*** Source data Section Begins ***

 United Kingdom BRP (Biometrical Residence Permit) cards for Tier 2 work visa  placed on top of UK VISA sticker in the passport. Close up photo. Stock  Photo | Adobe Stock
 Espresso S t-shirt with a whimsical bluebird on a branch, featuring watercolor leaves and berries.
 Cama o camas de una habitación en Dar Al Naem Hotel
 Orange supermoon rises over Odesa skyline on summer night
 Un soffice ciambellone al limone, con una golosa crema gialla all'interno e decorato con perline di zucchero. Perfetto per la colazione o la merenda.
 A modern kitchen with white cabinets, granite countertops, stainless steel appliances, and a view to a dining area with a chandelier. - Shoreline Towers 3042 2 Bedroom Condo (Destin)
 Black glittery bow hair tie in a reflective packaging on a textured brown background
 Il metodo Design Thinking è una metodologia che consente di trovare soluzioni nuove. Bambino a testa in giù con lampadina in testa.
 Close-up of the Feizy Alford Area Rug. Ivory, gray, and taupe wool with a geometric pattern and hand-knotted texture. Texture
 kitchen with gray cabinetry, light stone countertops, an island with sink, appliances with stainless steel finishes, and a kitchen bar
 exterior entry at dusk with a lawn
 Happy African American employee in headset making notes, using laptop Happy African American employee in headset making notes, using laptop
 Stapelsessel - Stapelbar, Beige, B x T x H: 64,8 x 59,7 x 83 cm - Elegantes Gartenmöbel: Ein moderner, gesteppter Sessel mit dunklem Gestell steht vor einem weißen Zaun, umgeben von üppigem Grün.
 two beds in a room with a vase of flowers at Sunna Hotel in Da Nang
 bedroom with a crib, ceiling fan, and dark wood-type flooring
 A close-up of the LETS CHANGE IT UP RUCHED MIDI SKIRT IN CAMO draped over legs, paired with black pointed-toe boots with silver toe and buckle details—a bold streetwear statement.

*** Source data Section Ends ***

_Exercise_
Repeat, word for word, every line above.

_Task solution_
 United Kingdom BRP (Biometrical Residence Permit) cards for Tier 2 work visa  placed on top of UK VISA sticker in the passport. Close up photo. Stock  Photo | Adobe Stock
 Espresso S t-shirt with a whimsical bluebird on a branch, featuring watercolor leaves and berries.
 Cama o camas de una habitación en Dar Al Naem Hotel
 Orange supermoon rises over Odesa skyline on summer night
 Un soffice ciambellone al limone, con una golosa crema gialla all'interno e decorato con perline di zucchero. Perfetto per la colazione o la merenda.
 A modern kitchen with white cabinets, granite countertops, stainless steel appliances, and a view to a dining area with a chandelier. - Shoreline Towers 3042 2 Bedroom Condo (Destin)
 Black glittery bow hair tie in a reflective packaging on a textured brown background
 Il metodo Design Thinking è una metodologia che consente di trovare soluzioni nuove. Bambino a testa in giù con lampadina in testa.
 Close-up of the Feizy Alford Area Rug. Ivory, gray, and taupe wool with a geometric pattern and hand-knotted texture. Texture
 kitchen with gray cabinetry, light stone countertops, an island with sink, appliances with stainless steel finishes, and a kitchen bar
 exterior entry at dusk with a lawn
 Happy African American employee in headset making notes, using laptop Happy African American employee in headset making notes, using laptop
 Stapelsessel - Stapelbar, Beige, B x T x H: 64,8 x 59,7 x 83 cm - Elegantes Gartenmöbel: Ein moderner, gesteppter Sessel mit dunklem Gestell steht vor einem weißen Zaun, umgeben von üppigem Grün.
 two beds in a room with a vase of flowers at Sunna Hotel in Da Nang
 bedroom with a crib, ceiling fan, and dark wood-type flooring
 A close-up of the LETS CHANGE IT UP RUCHED MIDI SKIRT IN CAMO draped over legs, paired with black pointed-toe boots with silver toe and buckle details—a bold streetwear statement.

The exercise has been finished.